- _Exercise objective_: Find the line below with "Veneto Italia Tables". Print it and every line after it exactly, through the last line, leaving out the pictures.

- _Input data_:
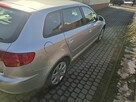 Audi A3 8P 1.6 MPI Benzyna+Gaz - 7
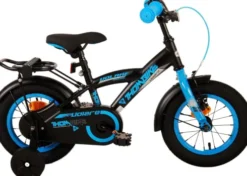 Volare - Børnecykel Med Støttehjul - 12'' - Thombike - Blå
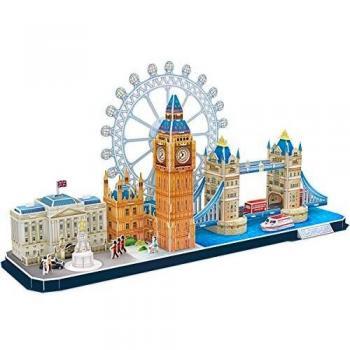 Cubic Fun- Puzzle 3D de la Ciudad de Londres en Línea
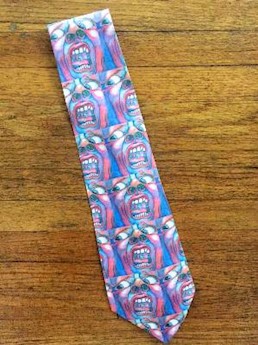 King Crimson Tie - Schizoid LARGE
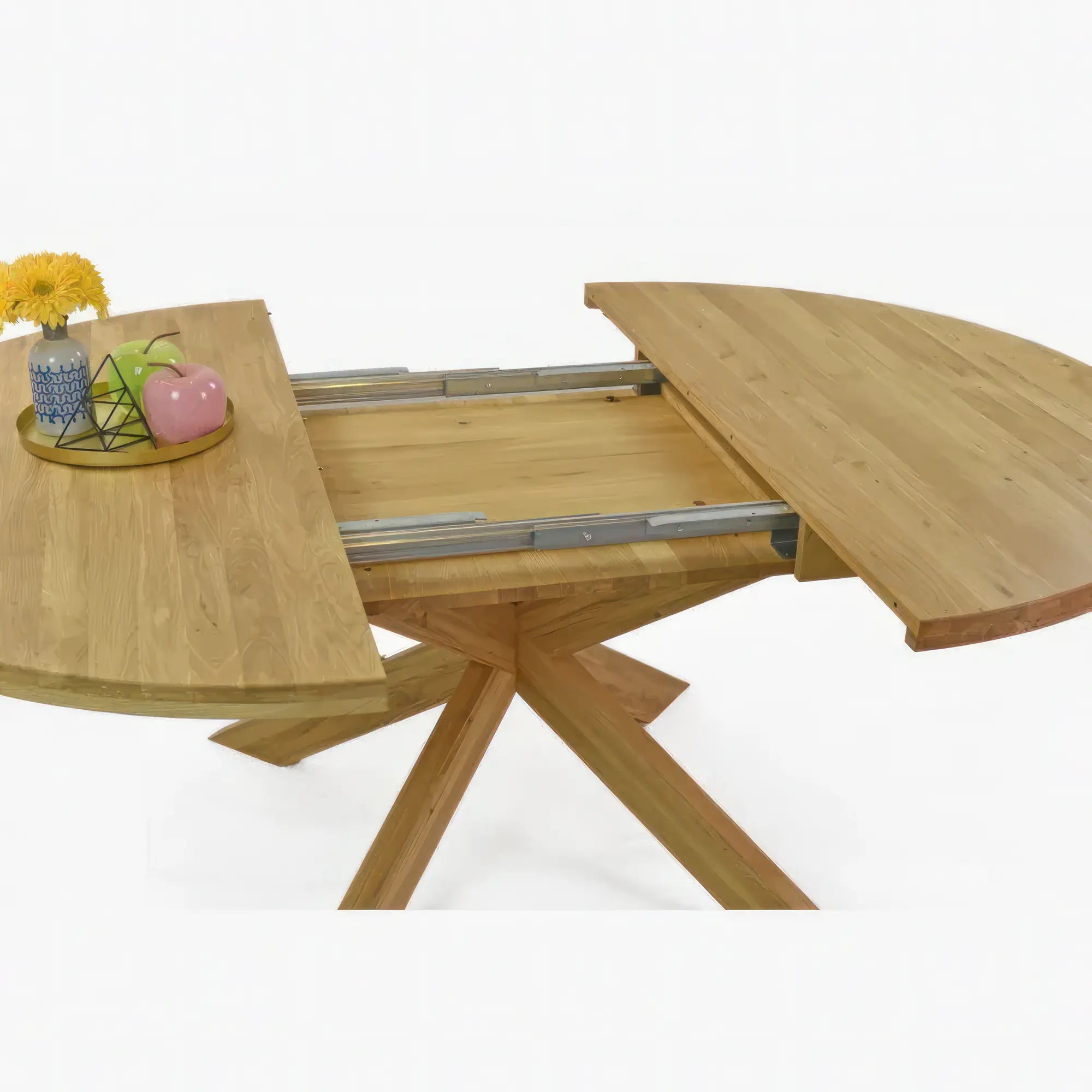 Veneto Italia Tables Laukaa Dining Table with midle Extension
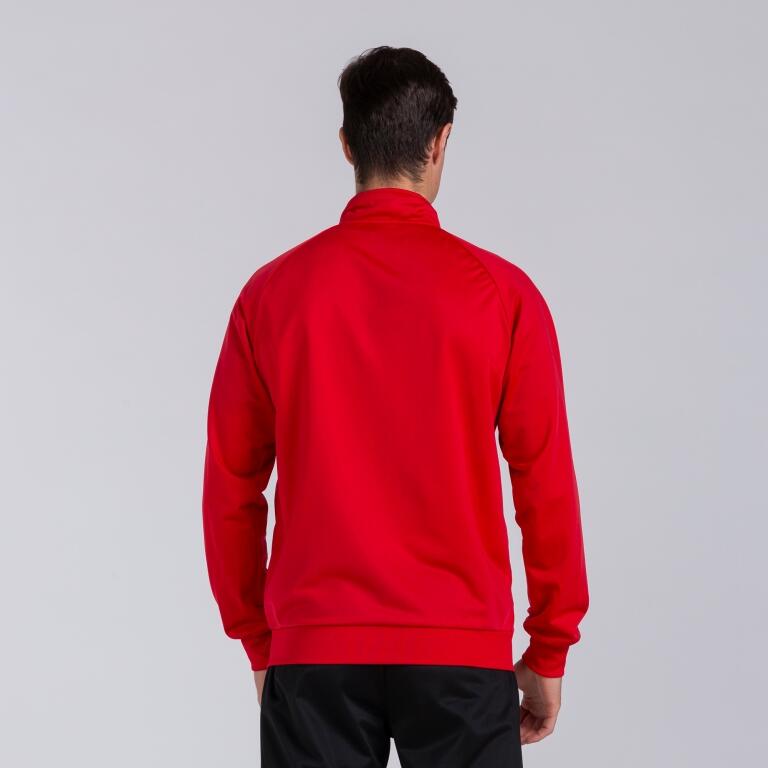 Chaqueta Fútbol Niños Joma Gala Rojo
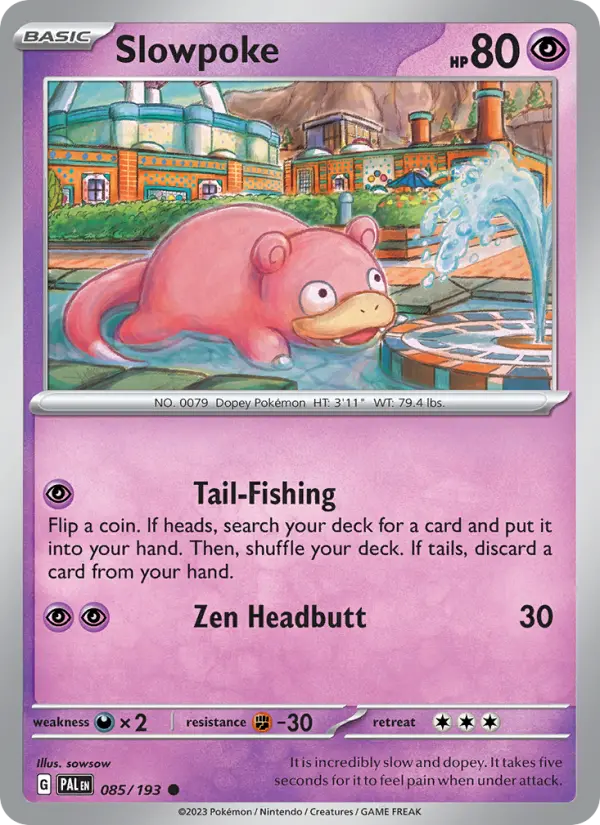 Slowpoke #085 — Paldea Evolved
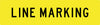 Linemarking, Multi Message 1200 x 300mm Corflute, Class 1 Reflective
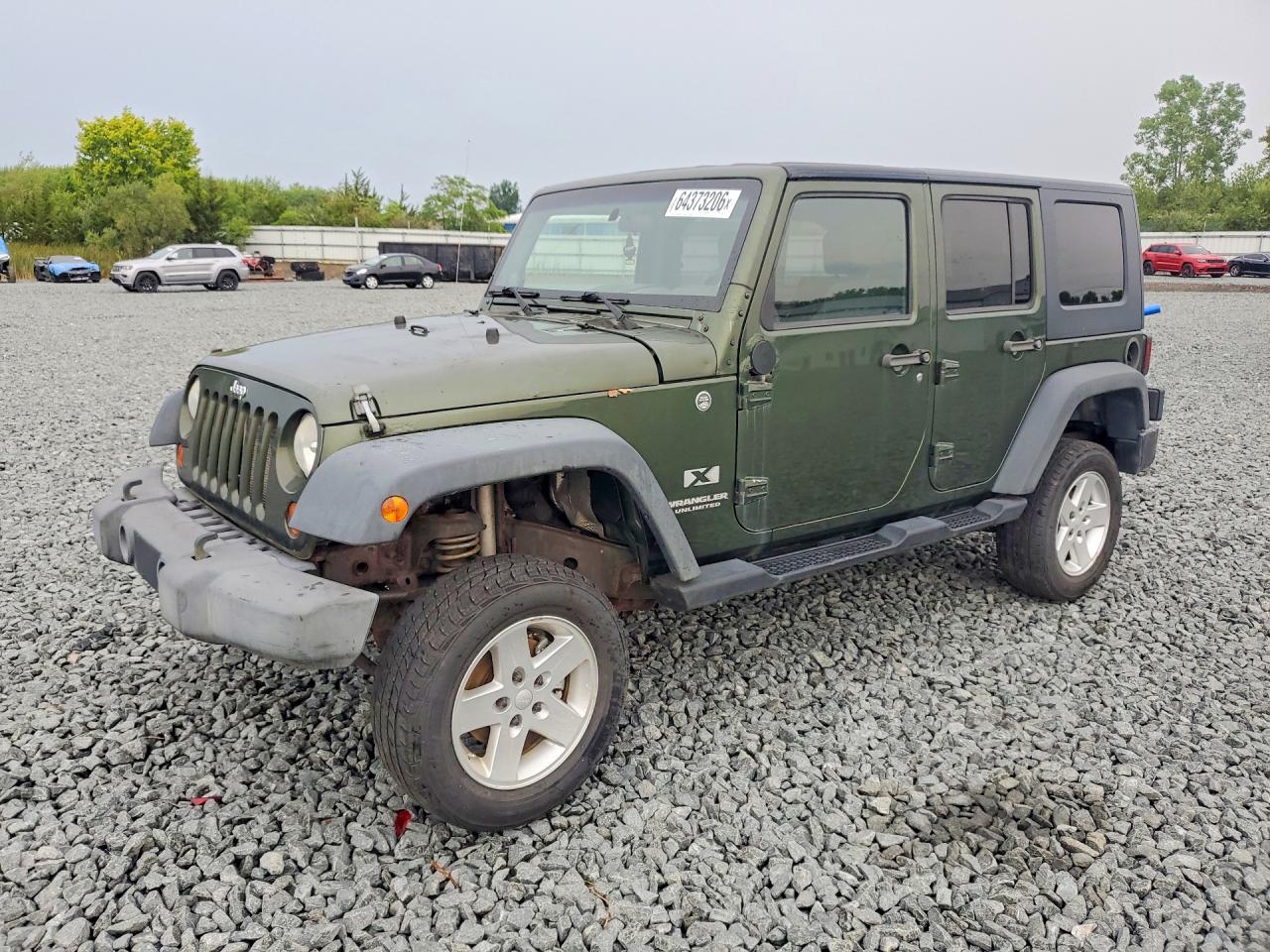 1J4GA39118L619767 · 2008 JEEP WRANGLER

- _Result_:
 Veneto Italia Tables Laukaa Dining Table with midle Extension
 Chaqueta Fútbol Niños Joma Gala Rojo
 Slowpoke #085 — Paldea Evolved
 Linemarking, Multi Message 1200 x 300mm Corflute, Class 1 Reflective
 1J4GA39118L619767 · 2008 JEEP WRANGLER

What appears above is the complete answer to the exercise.